Pero la explotación del fosfato cambió a Nauru para siempre. Ya en 1903, la nueva industria supuso un enorme auge económico a la isla, el que creció aún más a partir de su independencia en 1968. Nauru, en esos años, fue uno de los países más ricos del mundo gracias al fosfato, al punto de que ninguno de los habitantes de la isla necesitaba trabajar: el Estado, muy rico, subvencionaba todo. Nadie debía, siquiera, pagar impuestos.

Pero nada dura para siempre, dicen. Y las décadas de explotación minera pronto le pasaron la cuenta a la isla. Sus suelos estaban erosionados, no crecían más peces en la laguna. Como aún tenían dinero, comenzaron a importar su comida, toda esta procesada.
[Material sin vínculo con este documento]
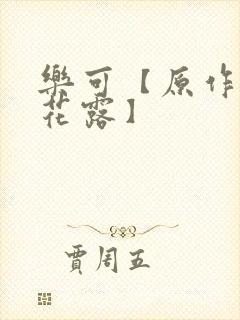 乐可【原作金银花露】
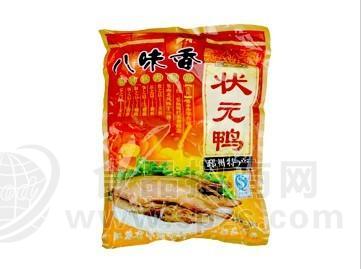 八味香状元鸭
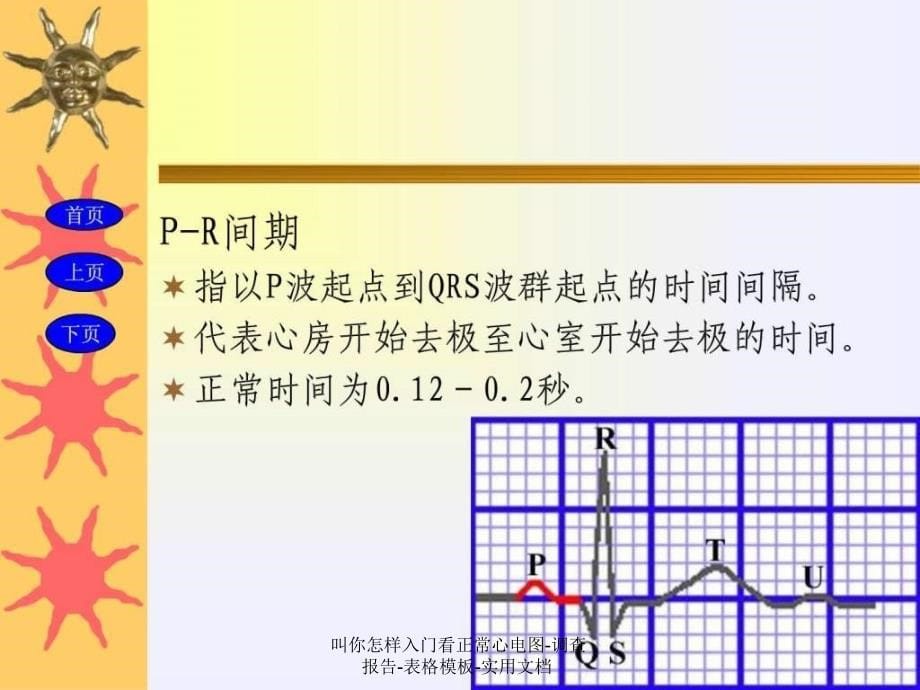 叫你怎样入门看正常心电图-调查报告-表格模板-实用文档课件_第5页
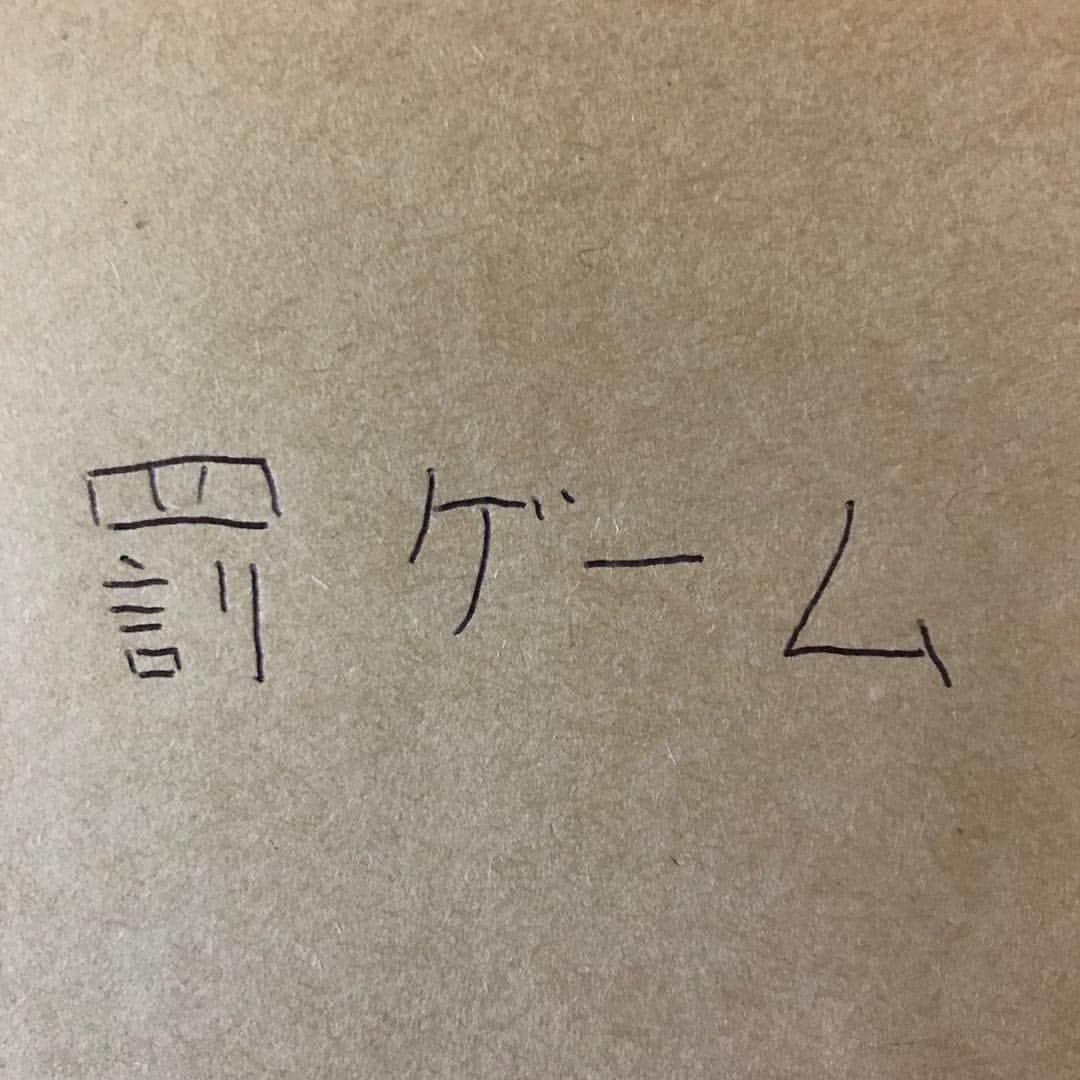 宮戸洋行さんのインスタグラム写真 - (宮戸洋行Instagram)「【単独まであと60日】単独に向けてダイエットを！ということで毎日1分間フラフープに挑戦します！1分間回せれなかったら罰ゲームです！ 3月12日はこのようになりましたm(_ _)m」3月12日 23時07分 - hiroyuki_gag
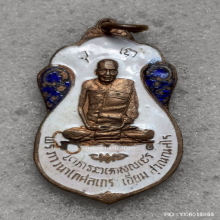 เหรียญ หลวงปู่เอี่ยม วัดโคนอน ปี 15 เนื้อทองแดงลงยา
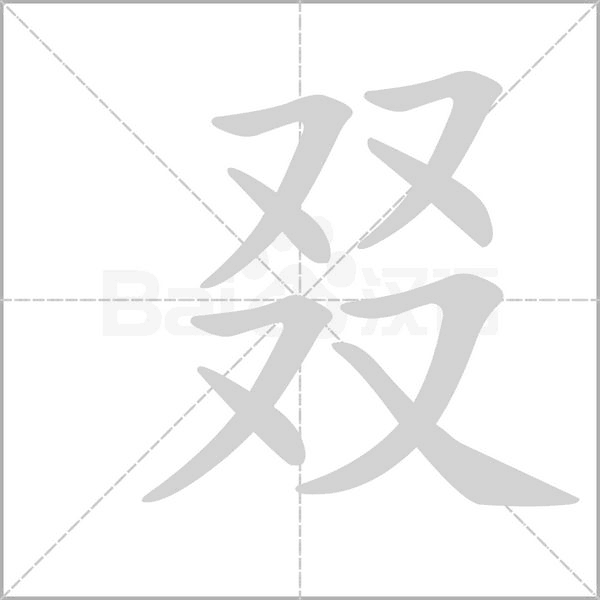 叕字笔顺动画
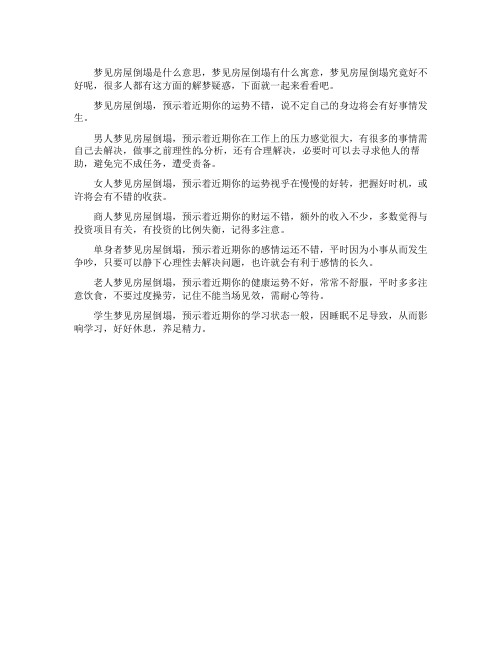 梦见房屋塌是什么意思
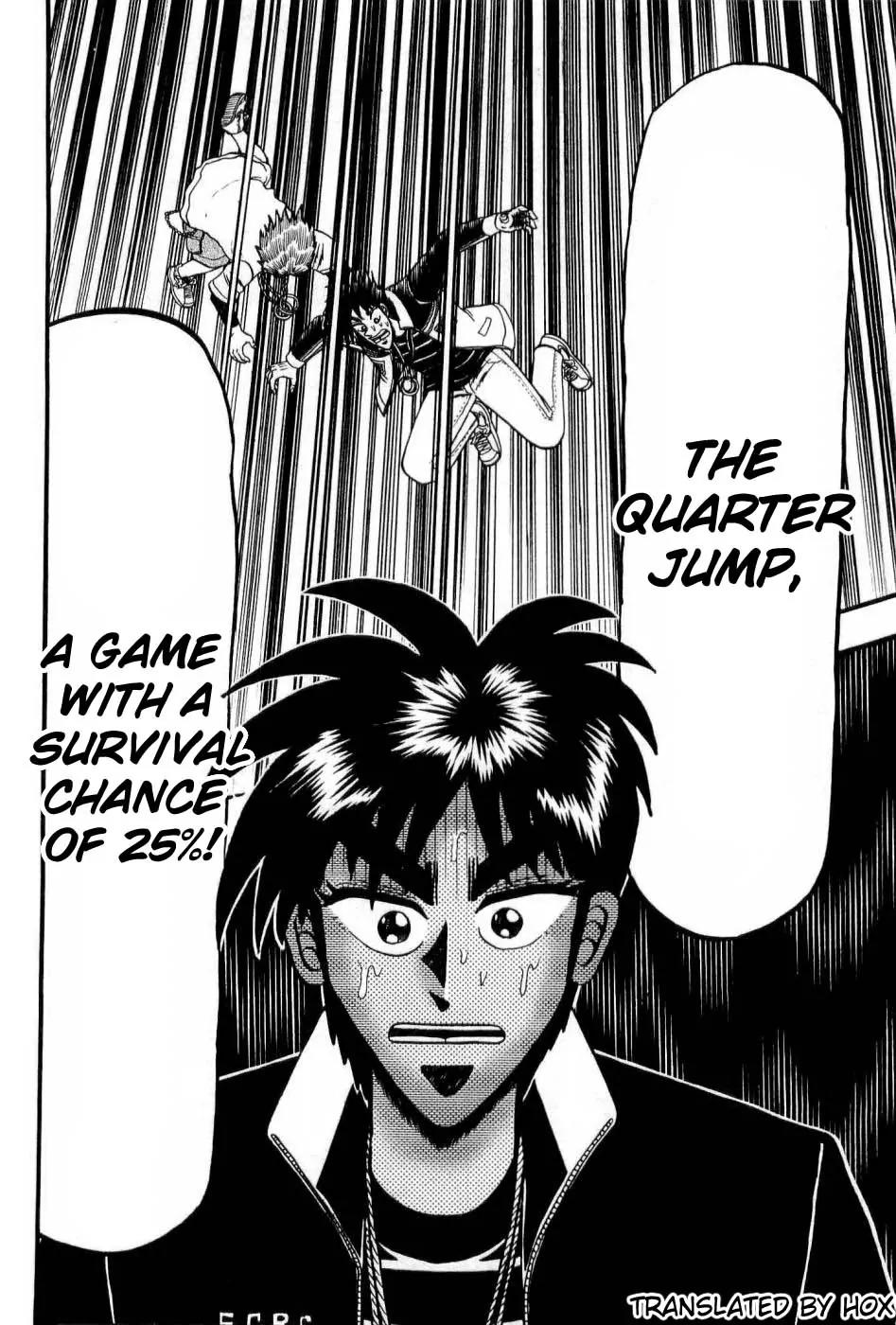 Tobaku Haouden Zero Chapter 17 page 25 - Chapter 17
La dieta de la pequeña isla de Nauru, tierra que llegó a tener uno de los PIB más altos del mundo, cambió de una basada en pescado y vegetales a una compuesta casi exclusivamente de comida ultraprocesada, baja en fibra, rica en grasas y azúcar. Para más remate, a fines de los noventa el fosfato se agotó, dejándolos solo con suelos degradados. Fue solo entonces cuando los líderes de la isla cayeron en cuenta de que habían tomado muy malas decisiones, especialmente sobre cómo invertir su dinero. La corrupción hizo el resto: el país estaba en bancarrota.

Actualmente, los habitantes de Nauru se encuentran entre los más obesos del mundo: datos de la Federación Mundial de la Obesidad indican que el 56% de los hombres y el 61% de las mujeres de la isla son obesos. Asimismo, la tasa de diabetes de tipo 2 entre su población es de las más altas que existen alrededor del planeta. Como se ve, debido a una irresponsable explotación del fosfato y a la falta de planificación, la isla de Nauru quedó ecológicamente destruida y sus habitantes pobres, obesos y enfermos.

De todas formas, para nuestra tranquilidad, hoy en día los fósforos que cada uno de nosotros tiene en su casa no llevan —ah, la paradoja— fósforo; este elemento se encuentra solo en el raspador, que lleva fósforo rojo, una forma más estable y no tóxica de tal elemento.